What you are asked to do:
Exact copy, no pictures: every line from the one that contains "Se vende Apartamento" through the end of the data below, and nothing else.

(Beginning of Records for this task)

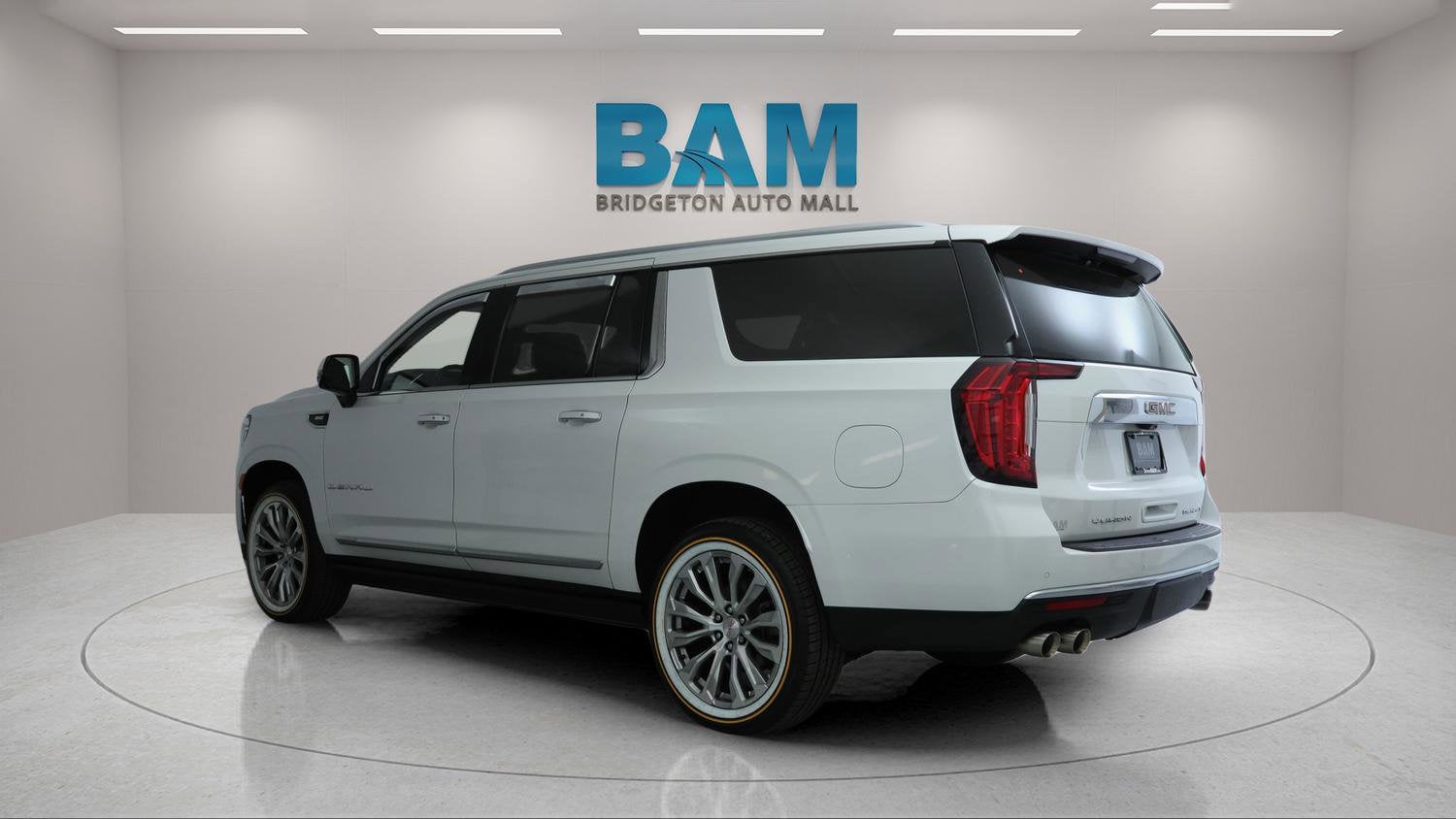 2022 GMC Yukon XL Denali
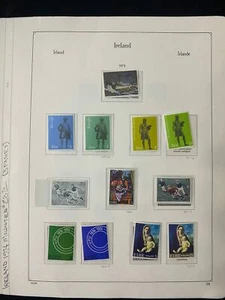 1974-1980- Irlanda Montado Sello Hojas - Imagen 1 de 3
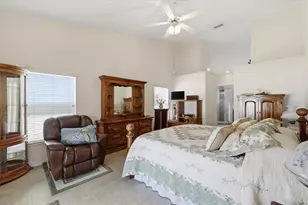 6845 Shimmering Dr, Lakeland, FL 33813 - Photo 17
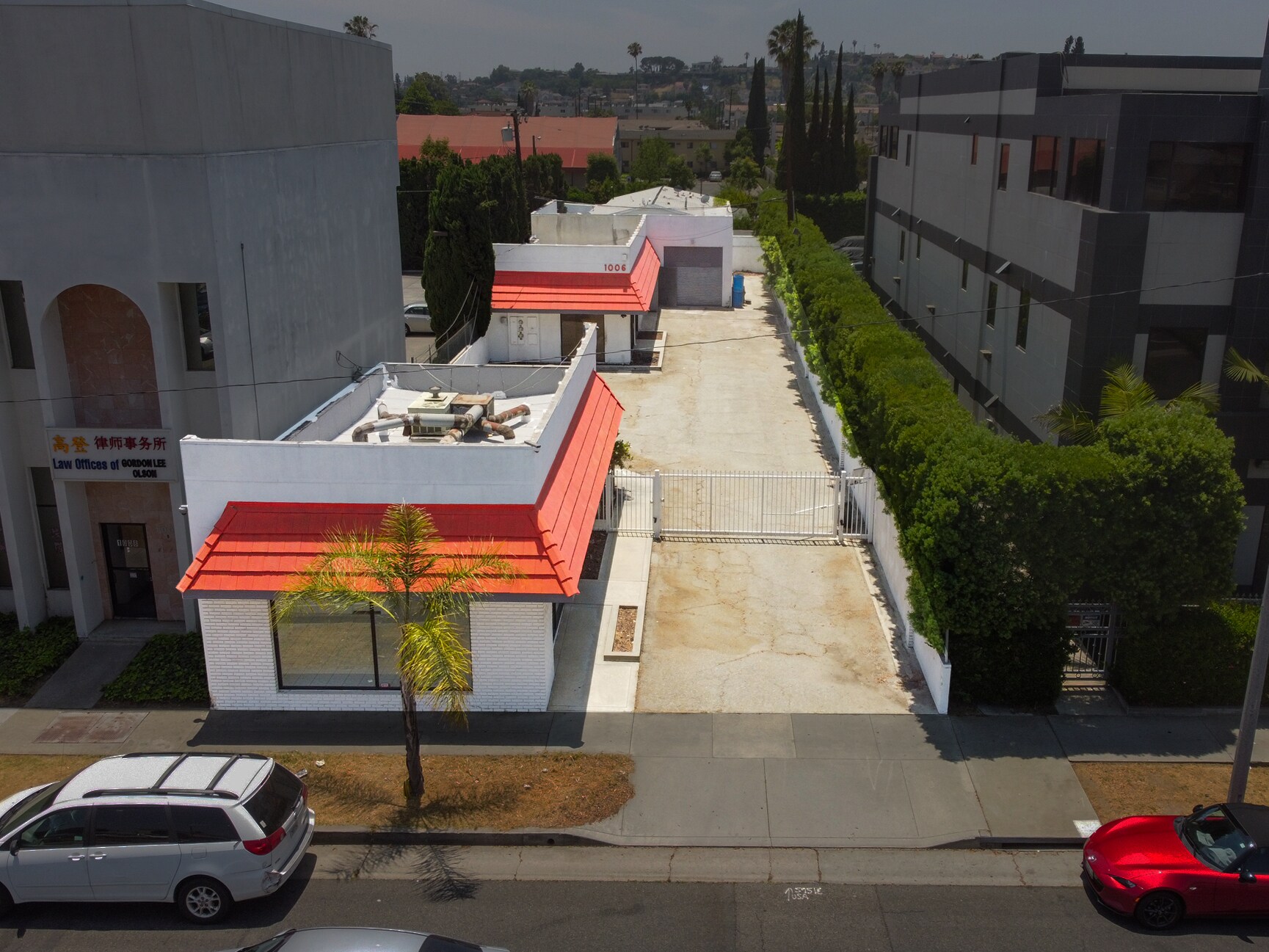 1006 E Garvey Ave, Monterey Park, CA à vendre Photo du bâtiment- Image 1 de 1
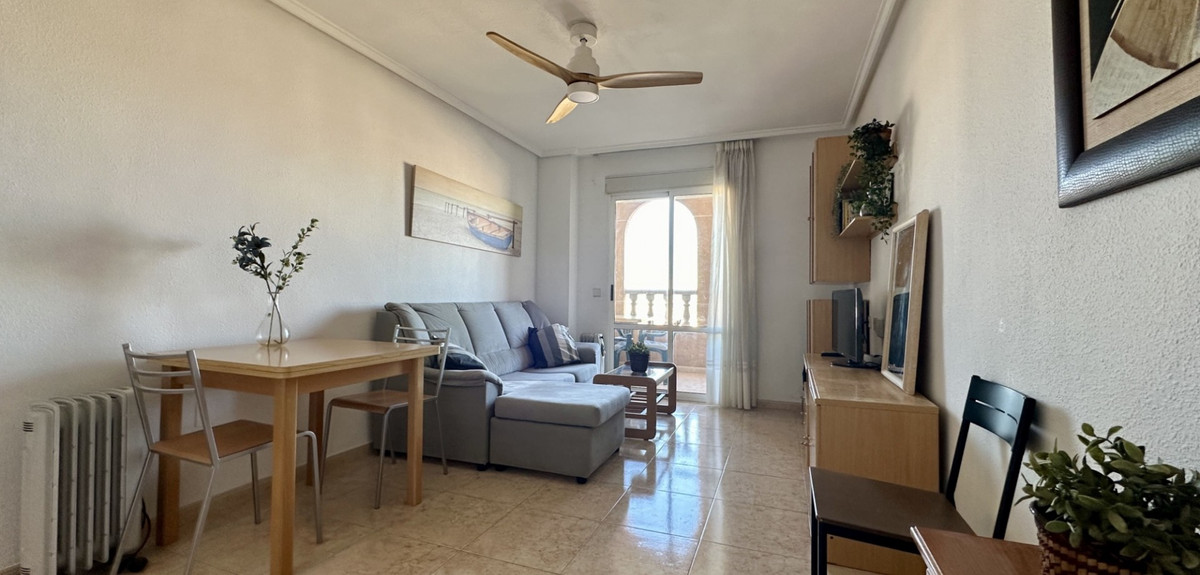 Se vende Apartamento Planta Media de 2 dormitorios en Costa Blanca, Alicante, España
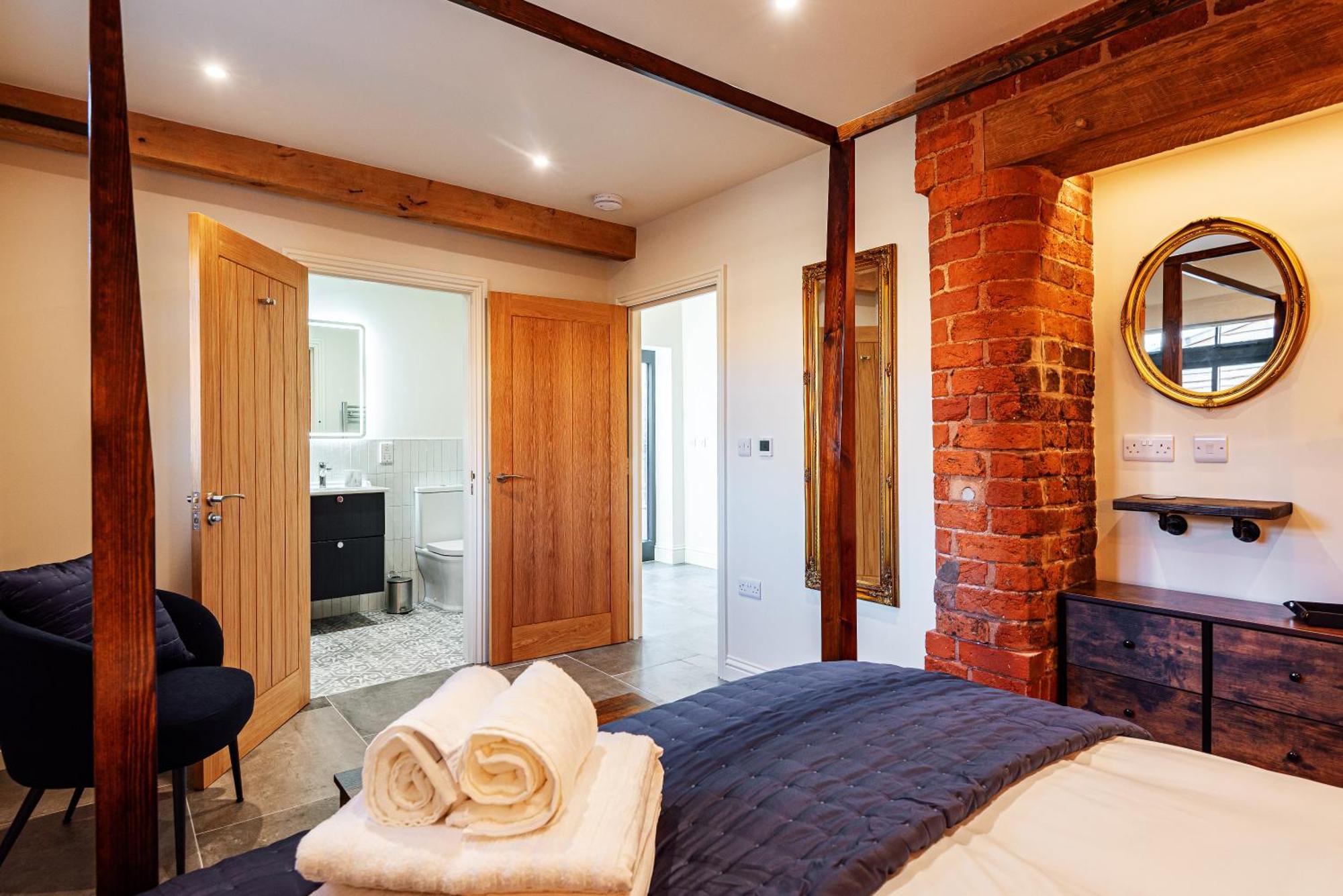 Pigeon House - Unique Barn With Private Garden, Hot Tub And Wood Burner Villa Shrewsbury Dış mekan fotoğraf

(End of Records for this task)

Solution to this problem:
 Se vende Apartamento Planta Media de 2 dormitorios en Costa Blanca, Alicante, España
 Pigeon House - Unique Barn With Private Garden, Hot Tub And Wood Burner Villa Shrewsbury Dış mekan fotoğraf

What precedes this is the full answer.